-- Data follows --

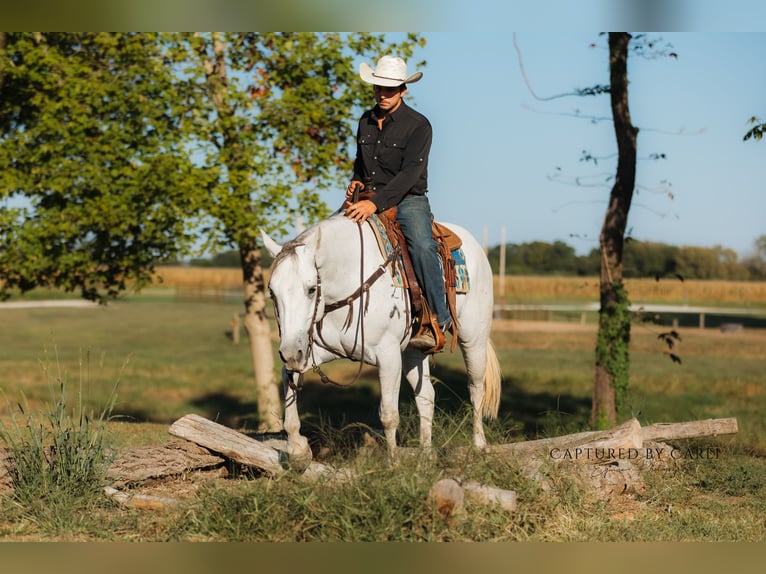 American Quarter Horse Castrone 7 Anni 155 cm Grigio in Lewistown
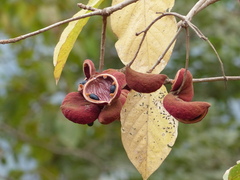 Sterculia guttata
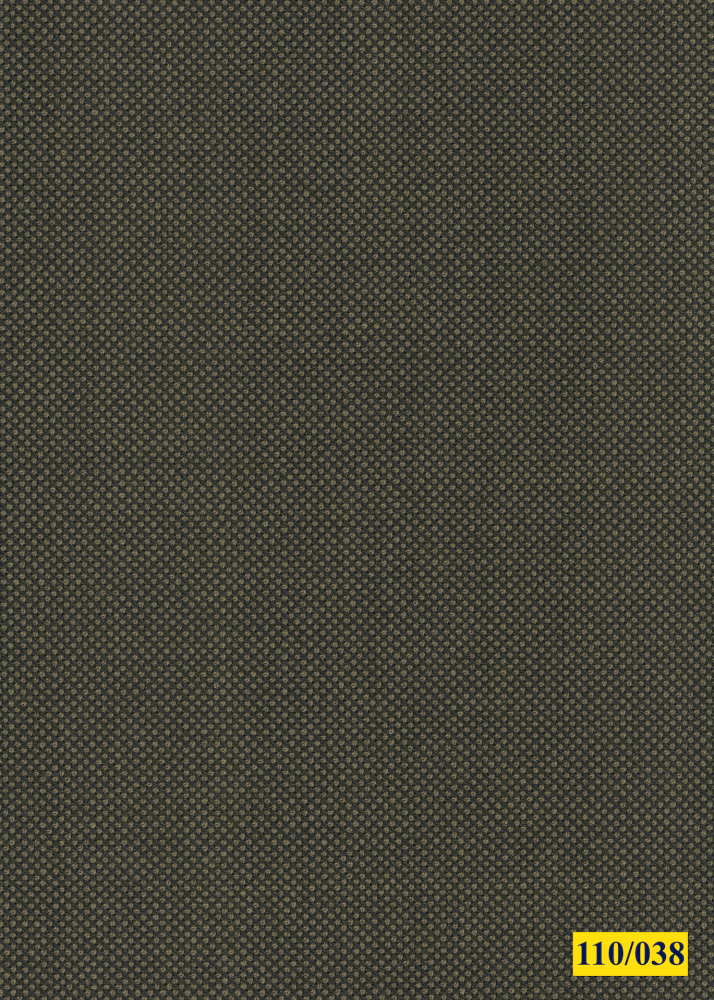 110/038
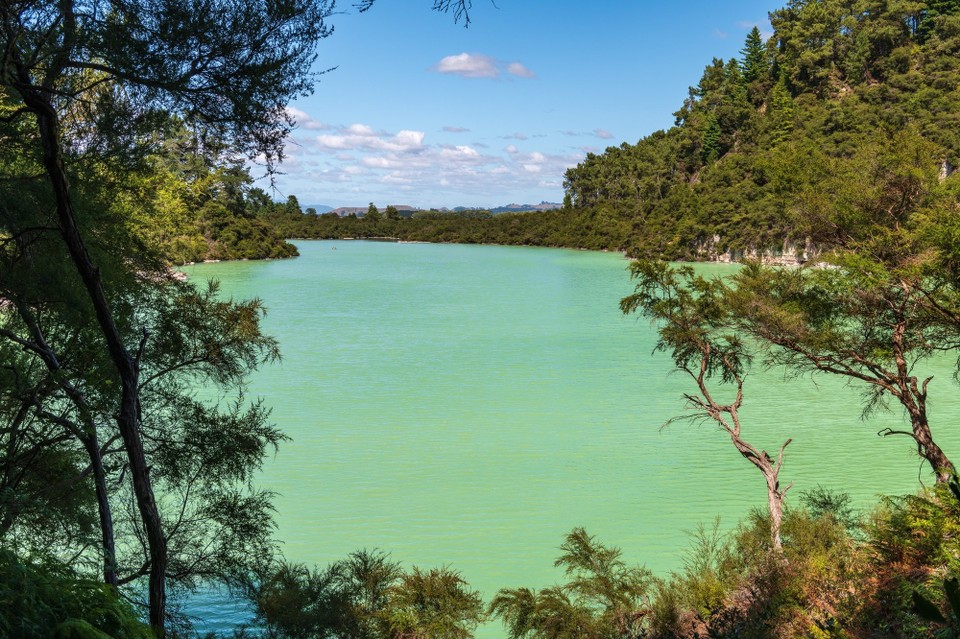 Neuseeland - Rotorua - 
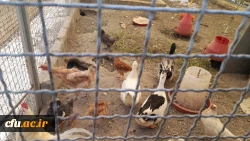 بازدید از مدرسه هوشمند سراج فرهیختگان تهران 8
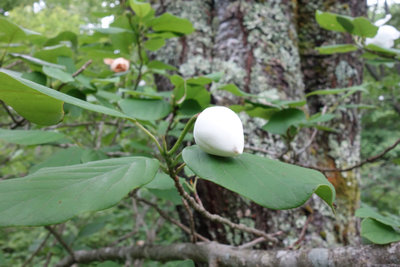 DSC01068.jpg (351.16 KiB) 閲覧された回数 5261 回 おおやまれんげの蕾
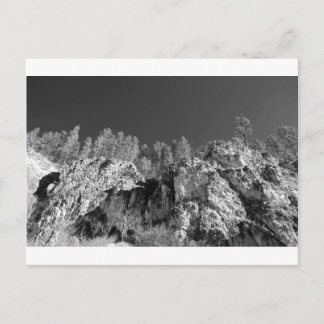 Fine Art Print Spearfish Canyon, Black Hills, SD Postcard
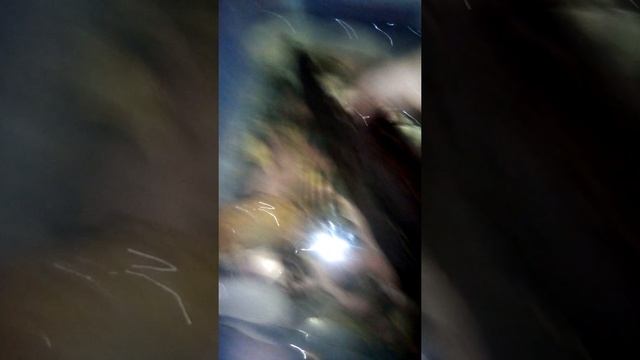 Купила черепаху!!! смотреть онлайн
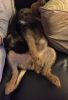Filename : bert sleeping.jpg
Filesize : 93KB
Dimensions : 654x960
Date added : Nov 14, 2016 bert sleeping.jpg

-- Data concluded --

_What you have to do_:
Where the line containing "بازدید از مدرسه" appears, begin writing out the lines word for word, and continue through the last line of the data, leaving out pictures.

_Exercise response_:
 بازدید از مدرسه هوشمند سراج فرهیختگان تهران 8
 DSC01068.jpg (351.16 KiB) 閲覧された回数 5261 回 おおやまれんげの蕾
 Fine Art Print Spearfish Canyon, Black Hills, SD Postcard
 Купила черепаху!!! смотреть онлайн
Filename : bert sleeping.jpg
Filesize : 93KB
Dimensions : 654x960
Date added : Nov 14, 2016 bert sleeping.jpg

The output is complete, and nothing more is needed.